◆ **Records shown**:

▶

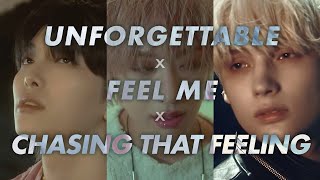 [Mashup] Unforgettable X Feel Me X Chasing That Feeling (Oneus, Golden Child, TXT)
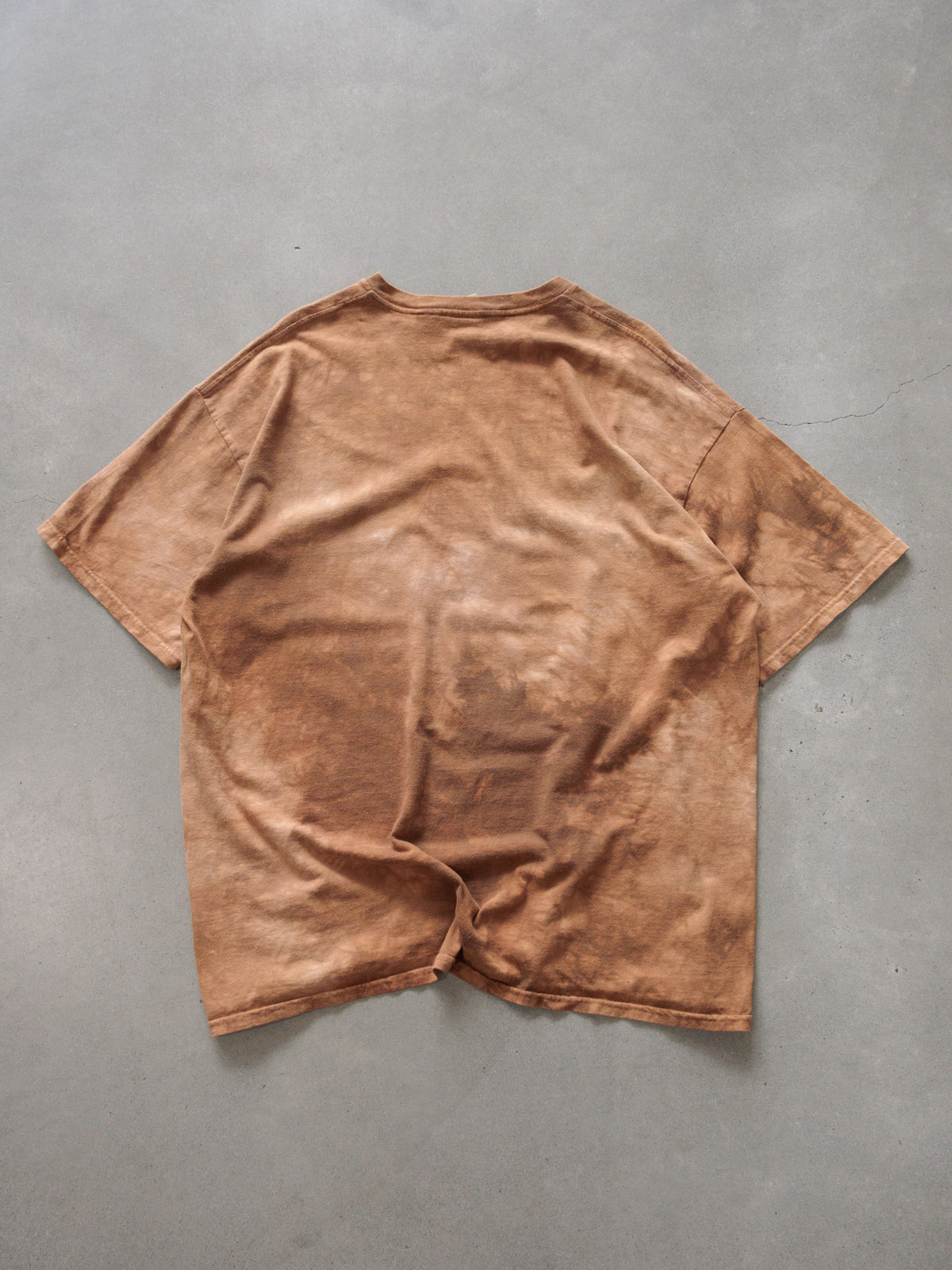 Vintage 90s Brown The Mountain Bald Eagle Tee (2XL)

◀
▶

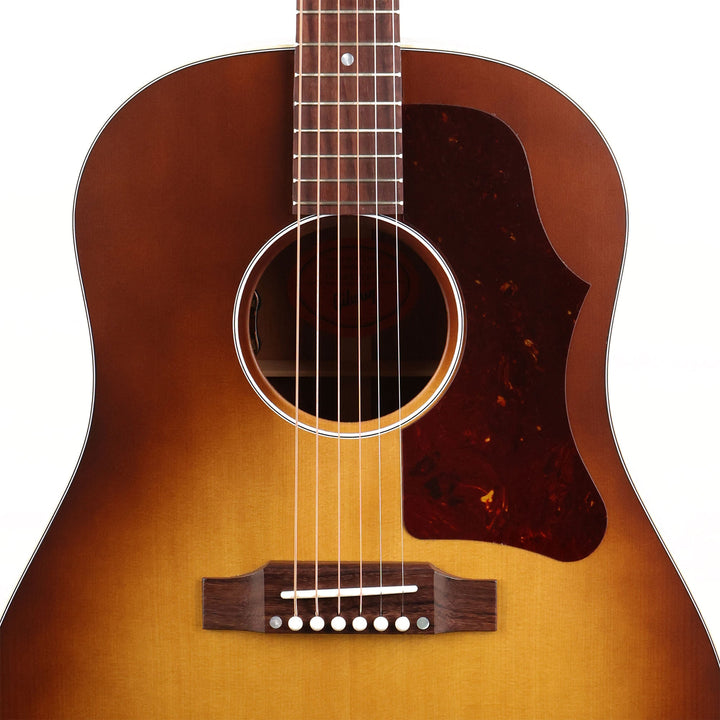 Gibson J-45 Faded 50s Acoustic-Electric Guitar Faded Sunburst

◀

◆ **Your objective**: Respond with the exact lines above running from the one containing "[Mashup] Unforgettable X" to the one containing "Vintage 90s Brown", both ends kept and no pictures included.

◆ **Answer area**:
 [Mashup] Unforgettable X Feel Me X Chasing That Feeling (Oneus, Golden Child, TXT)
 Vintage 90s Brown The Mountain Bald Eagle Tee (2XL)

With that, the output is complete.